July 01, 2005
July Morning
This time, this year, this July Morning, I did greet the sunrise - for the first time in more years than I care to admit.
Actually, I didn't mean to do it, I didn't think I'd make it, didn't think I'd manage to stay awake, didn't think I'd want to - but, well, one thing led to another, and what with Dr. Strangelove, with fire and ice (which I will probably translate into English and post here, too... but not right now), with another several hours spent in an almost friendly fight with Axis, with me finally going home and, instead of falling asleep, delving back into reading - The Burning City did, after all, turn out to be all that I expected from Larry Niven and Jerry Pournelle and more, despite the somewhat slow beginning... suddenly I gave a start, reached up, turned off the lamp, found out that I could see just as well without it, rose up, opened the curtains, gazed at the faint colors of dawn upon the clouds over the silent city - and started singing...

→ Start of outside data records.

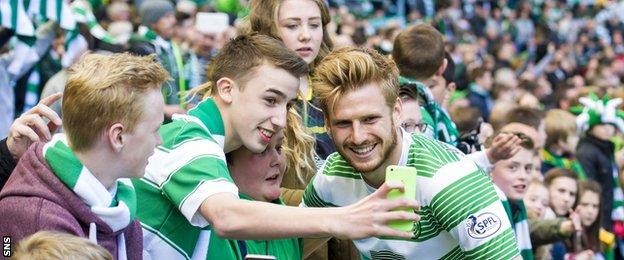 Stuart Armstrong (right) moved from Dundee United to Celtic alongside Gary Mackay-Steven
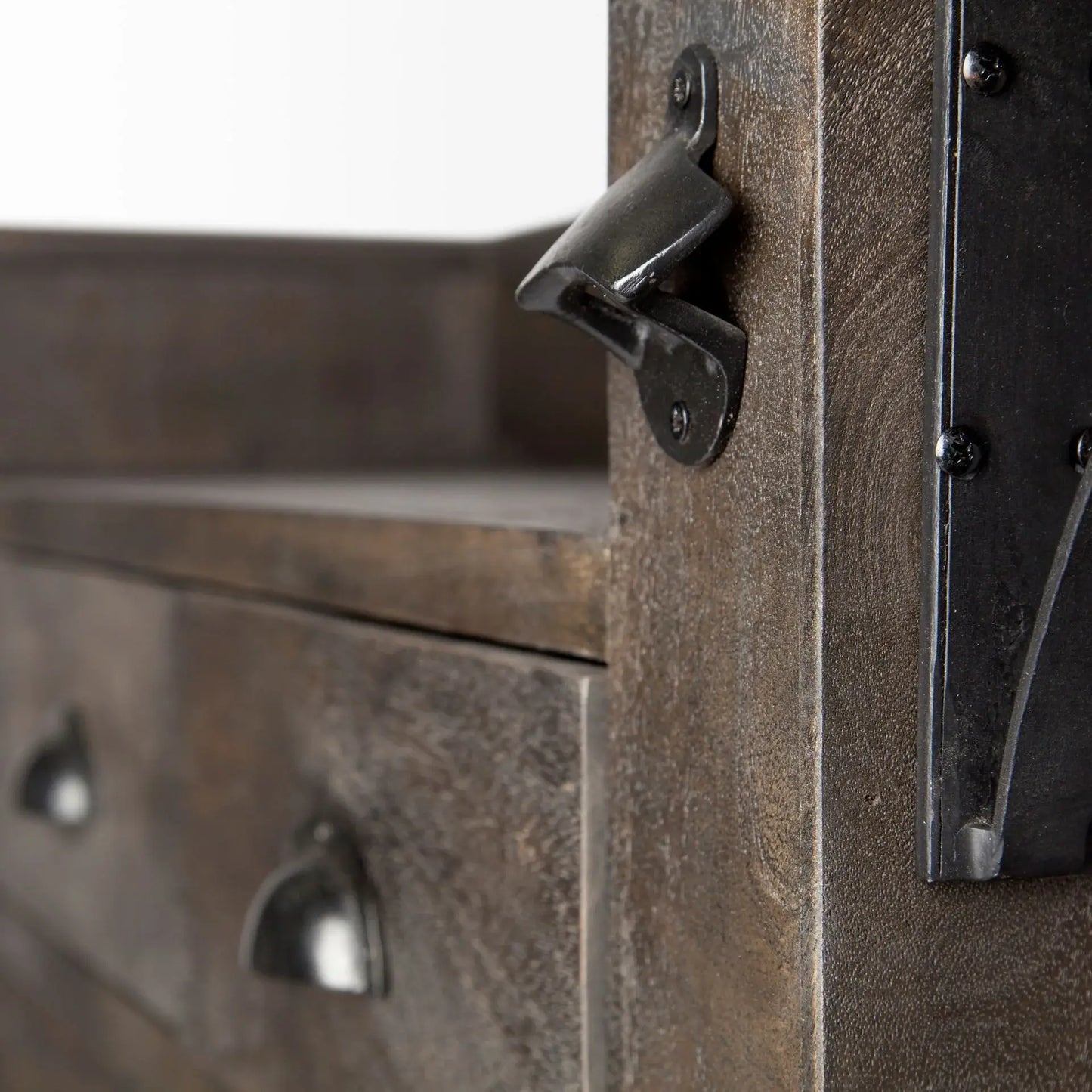 Gray Solid Wood Kitchen Island With Wine Bottle Storage - Homeroots - Flyclothing LLC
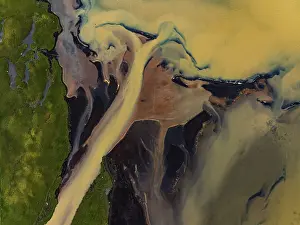 Aerial View Of River Prints: River, river course, river delta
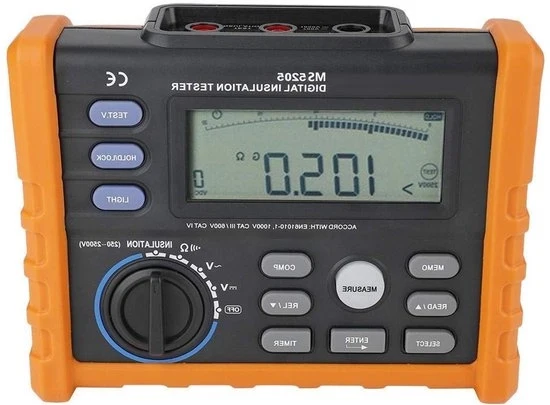 Testatore di isolamento elettrico - Display analogico-digitale - 001 M100 G2500V - Testatore di isolamento elettrico - Calcolo automatico di tensione AC/DC
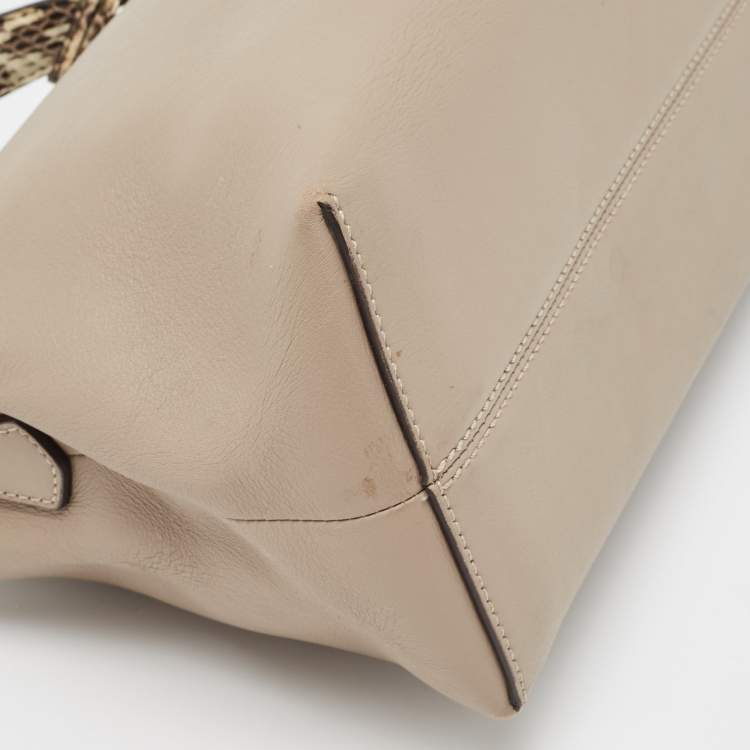 مملوكة مسبقًا Fendi Beige/Cream Leather and Python Small By The Way Shoulder Bag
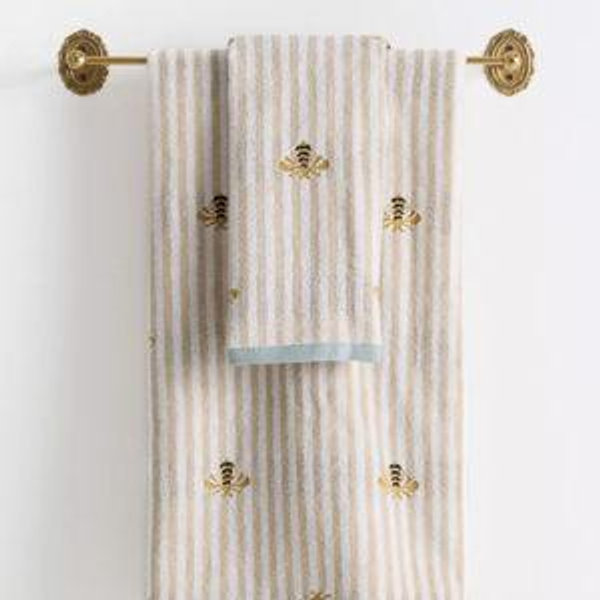 Icon Stripe Cotton Towel Collection - Bee, Hand Towel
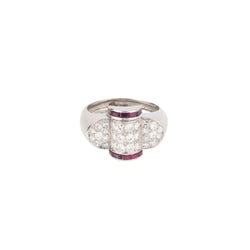Bague platine et diamant ornée de rubis qualibrés - Castafiore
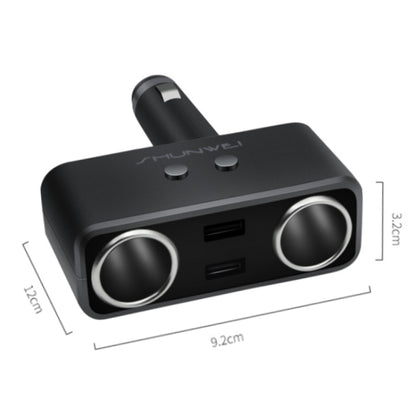 SHUNWEI SD-1925 120W 3A Car 2 in 1 Dual USB Charger 90 Degree Free Rotation Cigarette Lighter, SD-1925 (Black), SD-1925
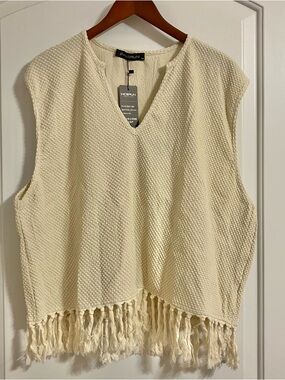 INCERUN Men’s Notched Neck Fringe Hem Tank Top Sz 3XL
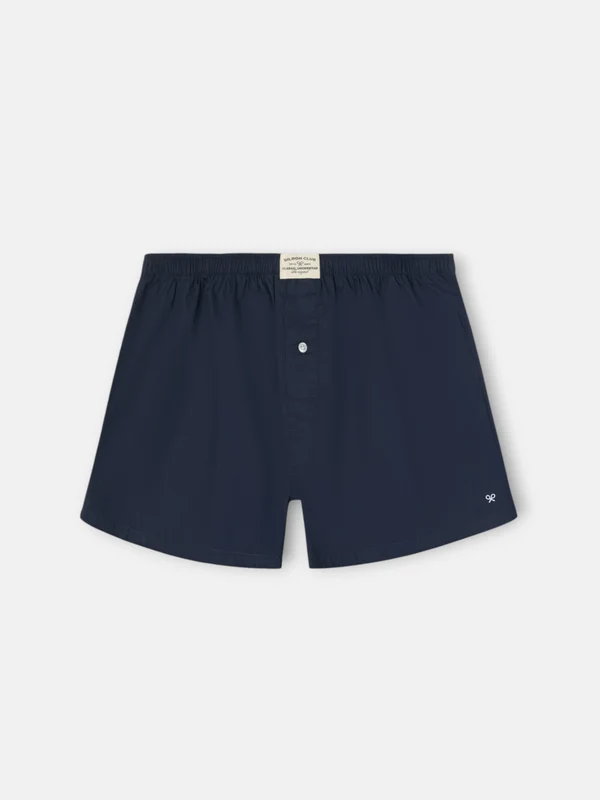 Calzoncillo liso minilogo azul marino S / AZUL MARINO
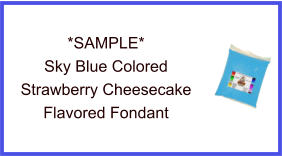 Sky Blue Strawberry Cheesecake Fondant Sample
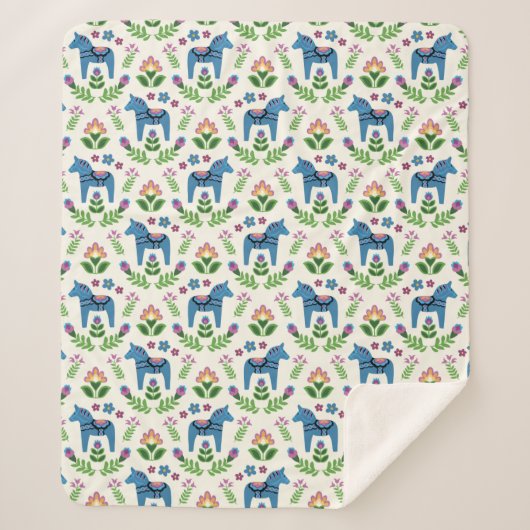 Couverture Sherpa Swedish Dala Horses Blue (Devant)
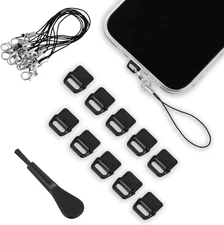 Cobee 10 Pcs USB C Port Cover, Phone USB C Dust Plug Charm with Tab Lanyard Clea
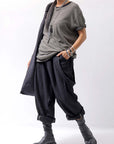 【bajra】 UNISEX LINEN SHOULDER PANTS 148QP03_BLACK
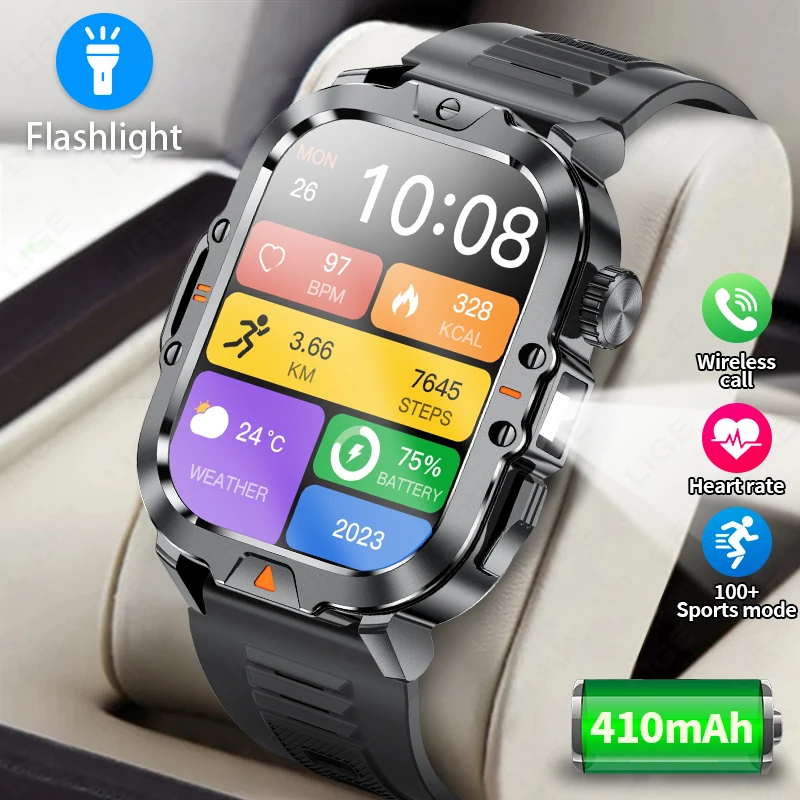 

LIGE New Smart Watch 2.01" HD Display Flashlight Bluetooth Phone Call 410mAh Battery Rugged Smartwatch Waterproof Smart Bracelet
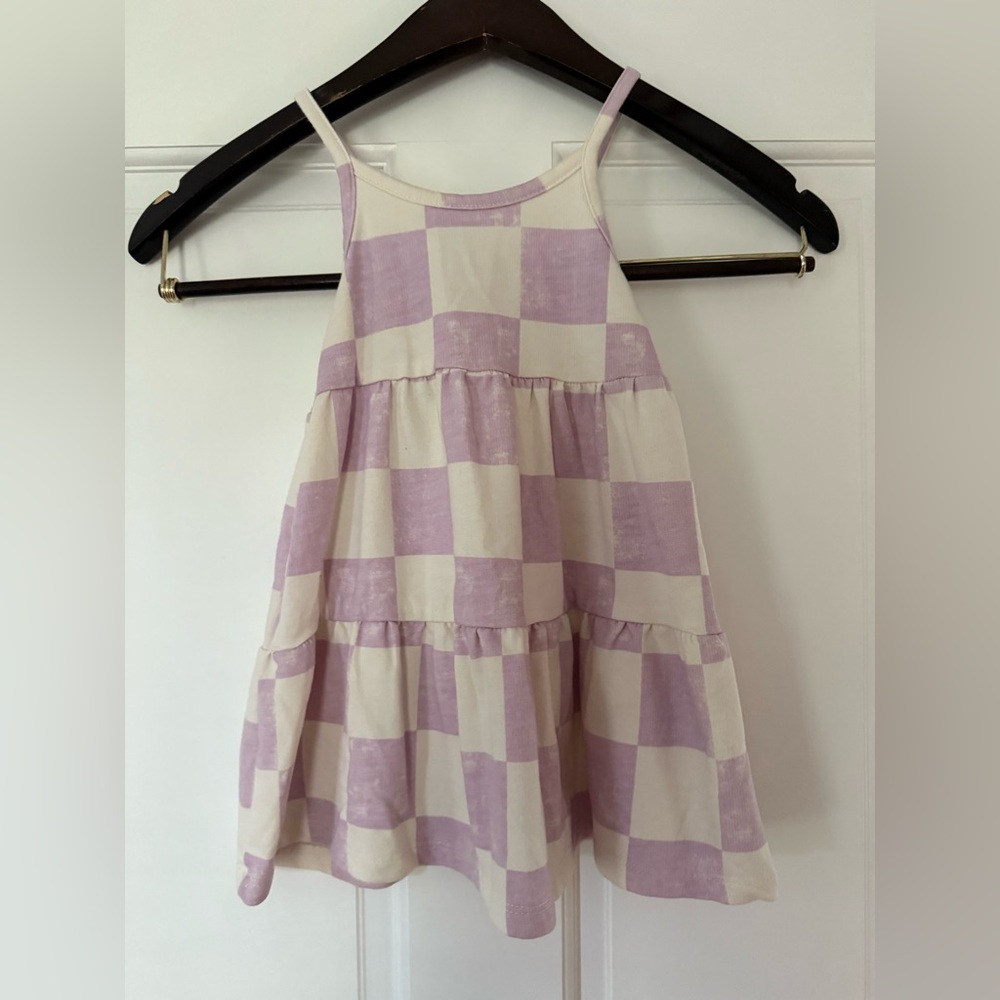 Kids Checkered Dress in Purple and Cream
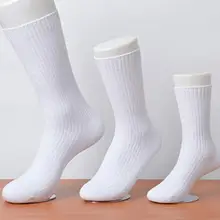 Белые Плотные хлопковые Дышащие носки, впитывающие пот, спортивные носки, Школьные носки для мальчиков и девочек, детские однотонные хлопковые носки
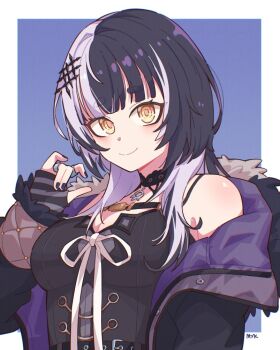 1girl black_choker black_coat black_dress black_hair black_nails breasts choker cleavage closed_mouth coat commentary dress fur-trimmed_coat fur_trim grey_hair hololive hololive_english jewelry large_breasts long_hair looking_at_viewer mikeemyk1 multicolored_hair purple_coat ribbon ring shiori_novella shiori_novella_(1st_costume) short_eyebrows smile solo split-color_hair symbol-only_commentary thick_eyebrows two-sided_coat two-sided_fabric two-tone_hair virtual_youtuber white_ribbon yellow_eyes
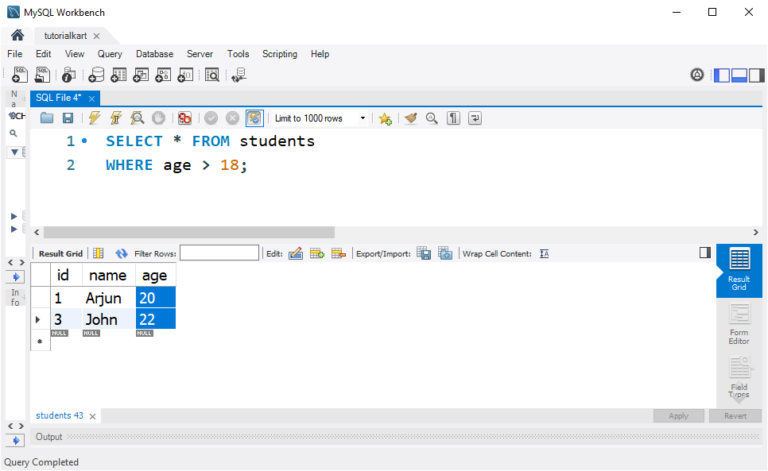 SQL Greater Than Operator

At the sound of the first birds singing,
I was leaving for home
With the storm and the night behind me
And a road of my own
In the past few weeks it is much too often that I could hear "the sound of the first birds singing", although usually I'm home at the time - or at least, within the physical boundaries of my registered lodging. And in a conversation at a quiet walk about two weeks ago, which also took us to the light of the dawn, although there was no birdsong, and the "Linden" had not quite blossomed yet in that quiet part of Sofia, something else happened - it seems that I finally realized, accepted, confessed to myself, that I have actually found the road of my own - or at least I'd placed foot upon it, started along, even if with no inkling not just where it will take me, but also where it has taken others before me. But if we knew everything that was about to befall us in this life, wouldn't it then be ever so unbearably, indescribably boring?